Elle fait toutefois preuve de fortes capacités de dispersion et de développements d’herbiers monospécifiques dans des habitats fragiles qui en font une espèce à surveiller…

Une large dispersion mondiale

Notons que l’intérêt esthétique de cette espèce aux noms vernaculaires quelquefois intrigants (Cotule pied-de-corbeau, Corne de cerf, Cotule à feuilles de sénebière ou Cotule à feuilles de Coronopus, ou encore, en anglais, “Brassbuttons“, littéralement “boutons de laiton”) n’empêche pas que dans les documents horticoles la concernant elle soit aussi parfois créditée d’une mention d’alerte faisant état de ses capacités de dispersion : elle n’est en effet pas restée sagement là où on avait décidé de l’installer.

Originaire d’Afrique du Sud, sa dissémination horticole volontaire lui a permis de s’établir en milieu naturel dans de nombreux pays du monde : en Amérique Centrale et en Amérique du Sud, en Australie, Tasmanie (Rozefelds & Mackenzie, 1999), Nouvelle-Zélande (Esler & Astridge, 1987) et, pour l’Europe, dans les zones côtières de la plupart des pays de la façade atlantique, du sud de la Norvège au sud de l’Espagne, mais aussi dans le bassin méditerranéen (Brunel et al., 2010), dont en Tunisie (Daoud-Bouattour et al, 2011), au Maroc (Ennabili & Gharnit, 2003), en Italie et en Grèce (Sarika et al., 2005).
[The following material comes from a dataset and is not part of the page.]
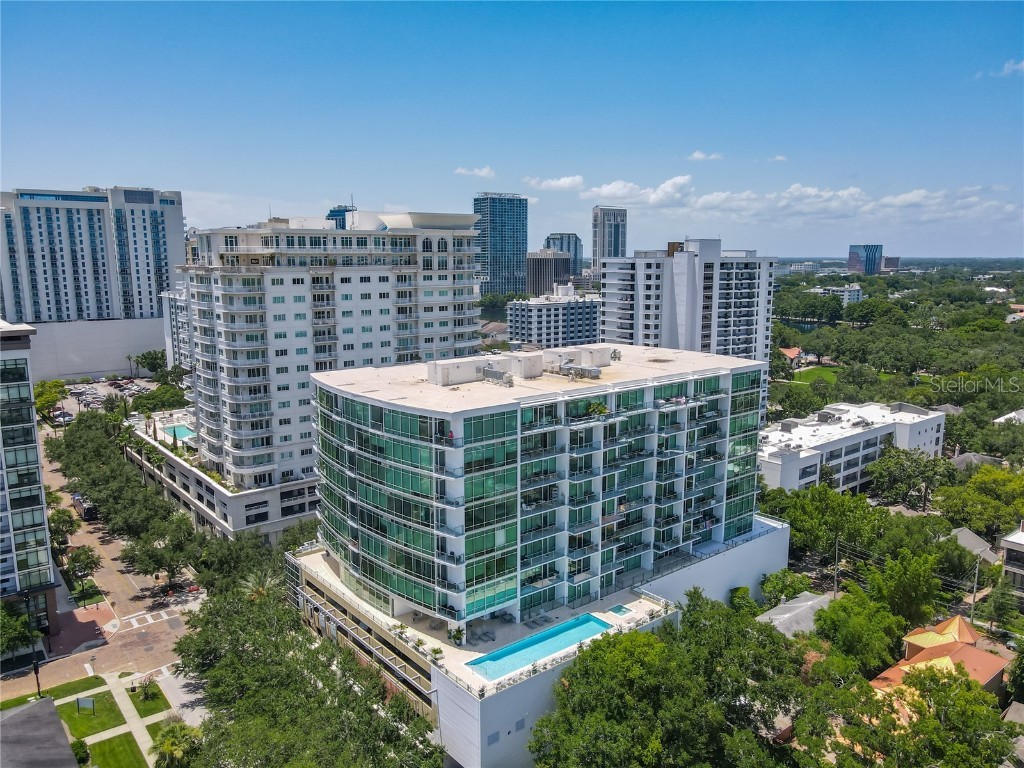 101 S Eola Drive #607 Orlando FL 32801 S5129770 image49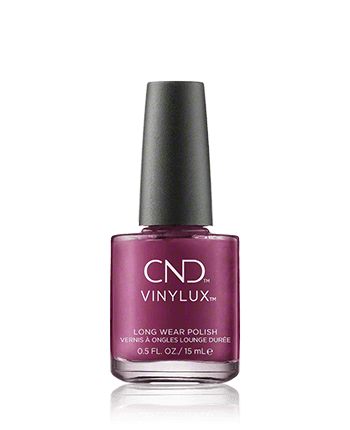 CND Vinylux Long Wear Polish #315 Ultraviolet 15ml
Dans nombre de ces pays, ses capacités invasives sont de plus en plus reconnues. Par exemple, le long d’une grande partie du littoral ibérique, elle a envahi localement les communautés de marais salés (Costa et al. 2009). Enfin, en ce qui concerne la métropole française, sa dynamique d’extension devient perceptible et nous semble donc nécessiter une vigilance renforcée.

La cotule en métropole

Selon Dupont P. et S. (1968), les premières observations de cette espèce en métropole datent de 1896 : elle “abondait” le “long” des estuaires du Trieux et du Jaudy en Bretagne. Son extension en Bretagne s’est poursuivie et elle a été récoltée par les mêmes auteurs en 1968 dans la partie sud de la Grande-Brière.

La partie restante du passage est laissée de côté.